### What is being asked
Through the line with "EXCLUSIVE: IDW CEO" and starting from the first line, return the records below word for word, with pictures left out.

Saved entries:
-.-.-

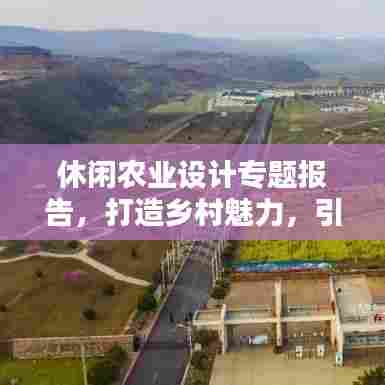 休闲农业设计专题报告，打造乡村魅力，引领休闲新风尚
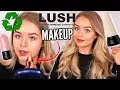 TESTING LUSH MAKEUP WASTE FREE BEAUTY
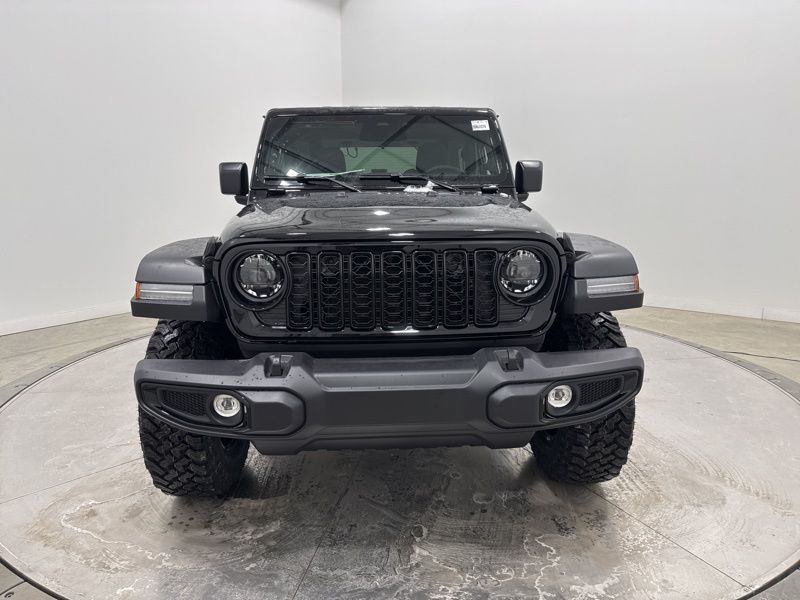 New 2026 Jeep Wrangler SUV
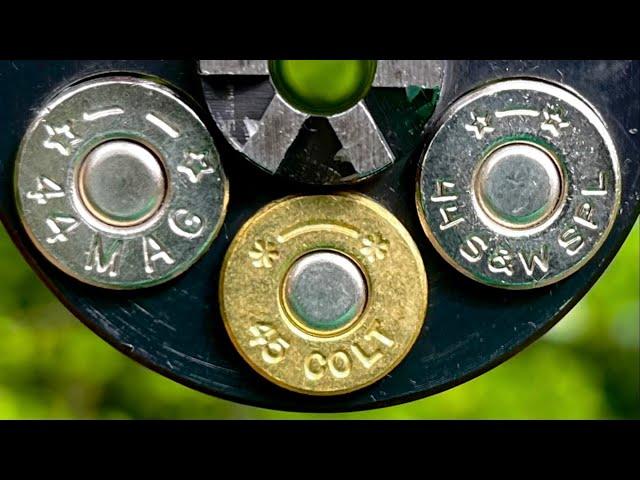 44 Mag vs 45 Colt vs 44 Special: Not Close At All?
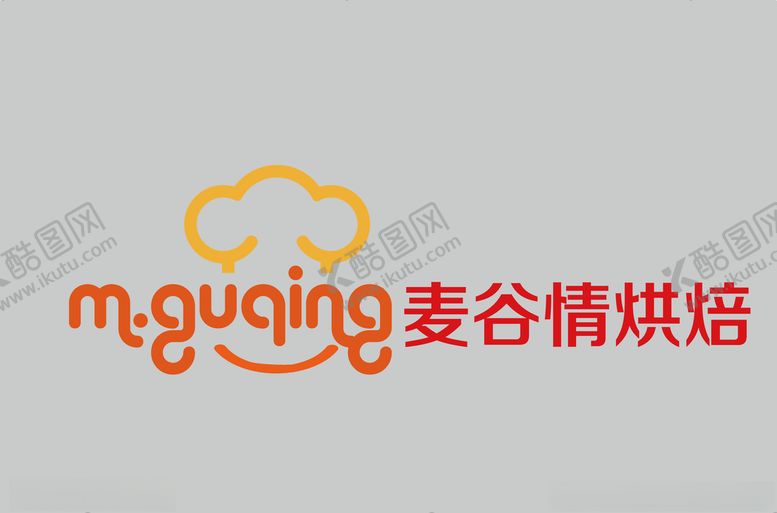编号：57062906161156003545【酷图网】源文件下载-麦谷情烘焙店logo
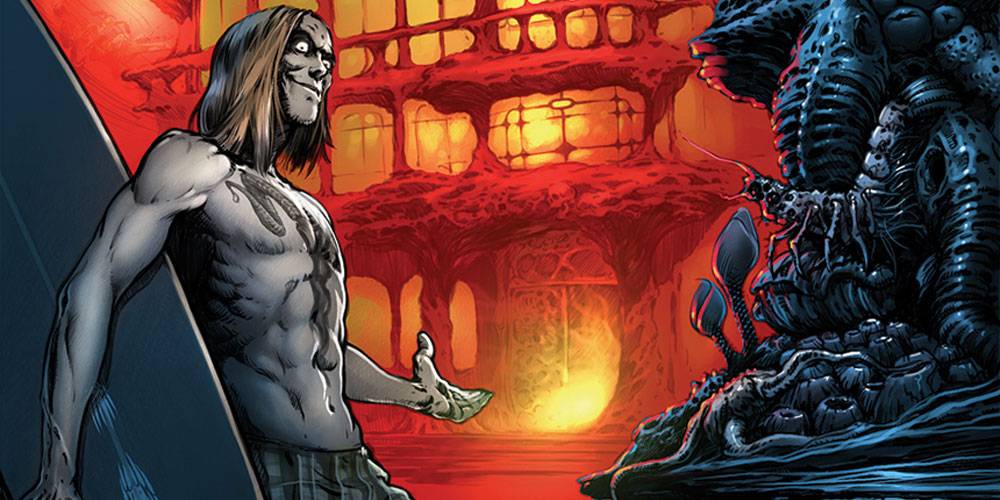 EXCLUSIVE: IDW CEO Makes Creator-Owned Debut with New Horror Anthology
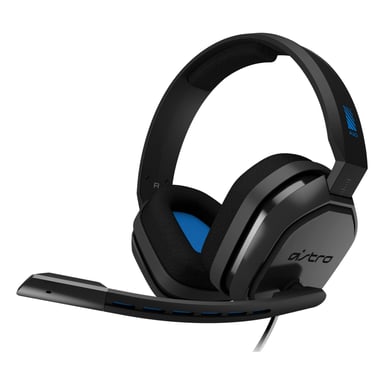 ASTRO Gaming A10 Casque Avec fil Arceau Jouer Gris, Bleu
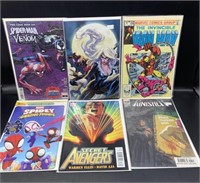 Marvel Comic book lot - Spider-Man, Iron Man,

-.-.-

### Result of this task
 休闲农业设计专题报告，打造乡村魅力，引领休闲新风尚
 TESTING LUSH MAKEUP WASTE FREE BEAUTY
 New 2026 Jeep Wrangler SUV
 44 Mag vs 45 Colt vs 44 Special: Not Close At All?
编号：57062906161156003545【酷图网】源文件下载-麦谷情烘焙店logo
 EXCLUSIVE: IDW CEO Makes Creator-Owned Debut with New Horror Anthology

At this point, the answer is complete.